Not disagreeing with what you’re saying, but if there was a UTF-8 string type, that would be awesome. And then if saying MyUTF16String = MyUTF8String would convert them, that would also be awesome.

Right now I’m not sure whether using WinAPI would be necessary to consume UTF-8.

This seems like a separate topic, and important as the web is commonly UTF-8.

The current help on TOUNICODE() and TOANSI() mentions UTF-8 strings can be converted using code page 65001.

The TOUNICODE function also allows to convert ANSI and Unicode strings to a character sequence encoded in UTF-8 by passing the value 65001 as the second parameter.

As a side effect, the TOANSI function also allows to convert ANSI and Unicode strings to a character sequence encoded in UTF-8 by passing value 65001 as the second parameter.


If you search for Delphi and UTF-8 you’ll find older examples where they used their regular ANSI String type to hold UTF-8. They had functions like ToUncode to encode.

Newer Delphi versions have a explicit Utf8String type.

UTF8String represents a string encoded using UTF-8 (variable number of bytes Unicode). It is a AnsiStringBase type with a UTF-8 code page. In Delphi, UTF8String is a true compiler type. The compiler does conversions between UnicodeString and UTF8String as necessary.

I agree it would be useful to have an explicit UTF-8 type like EString (8 string) or NString (narrow string).

1 Like

While a native type would be cool, its not necessary. We already have access to utf-8 support in StringTheory (making use of Win32 API calls.)

The only thing we lack at the moment is support for any unicode encoding on Windows and Reports.
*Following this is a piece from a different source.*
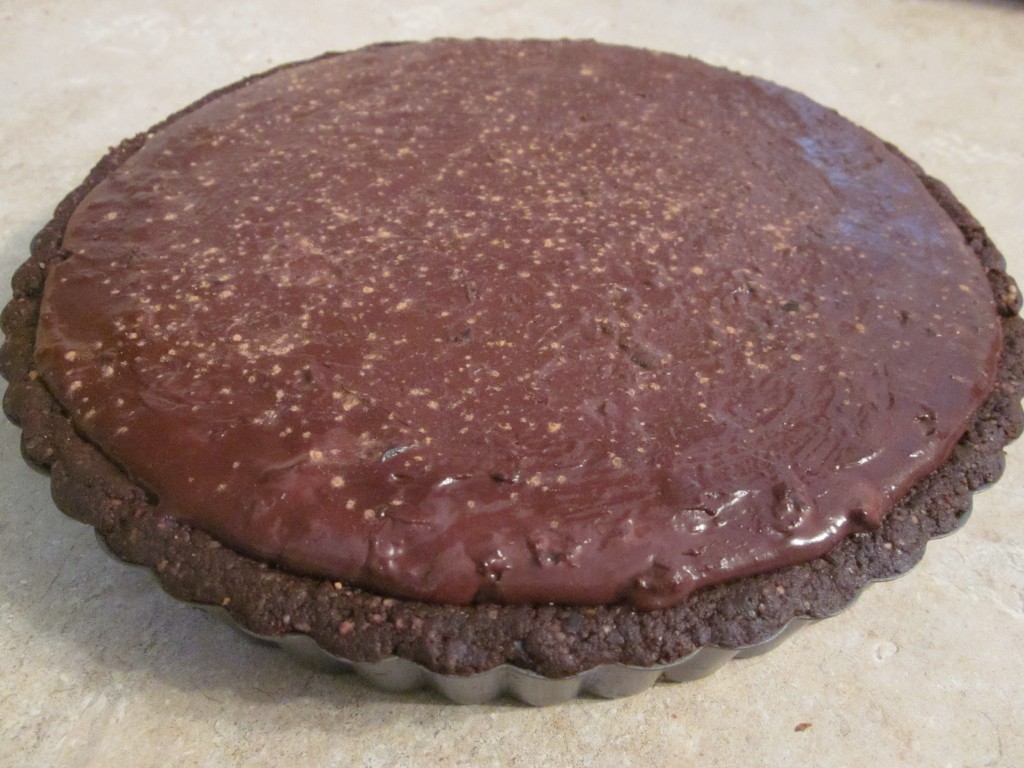 Black Forest Raw Chocolate Ganache Tart Recipe in pan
And presumably USTRING will adequately serve that purpose.

We’ll UTF-8 made by the RTL using ToUnicode and ToAnsi (,65001)b using the same API calls.

The Question is do we want a native UTF-8 Type so the compiler knows the String type and can help us.

Bruce Barrington thought the compiler should work for developer and make coding life easier. The Delphi team did it both ways and in the end decided to create a native UTF-8 type.

What we want, and what can be realistically achieved are 2 different things.

From a language design point of view, a utf-8 type would be great. From a “spend time on it” point of view, I’d rather they work on 64 bit.

A utf-8 type won’t offer any functionality we cant already do today. It’s a nice to have, not a necessity.

1 Like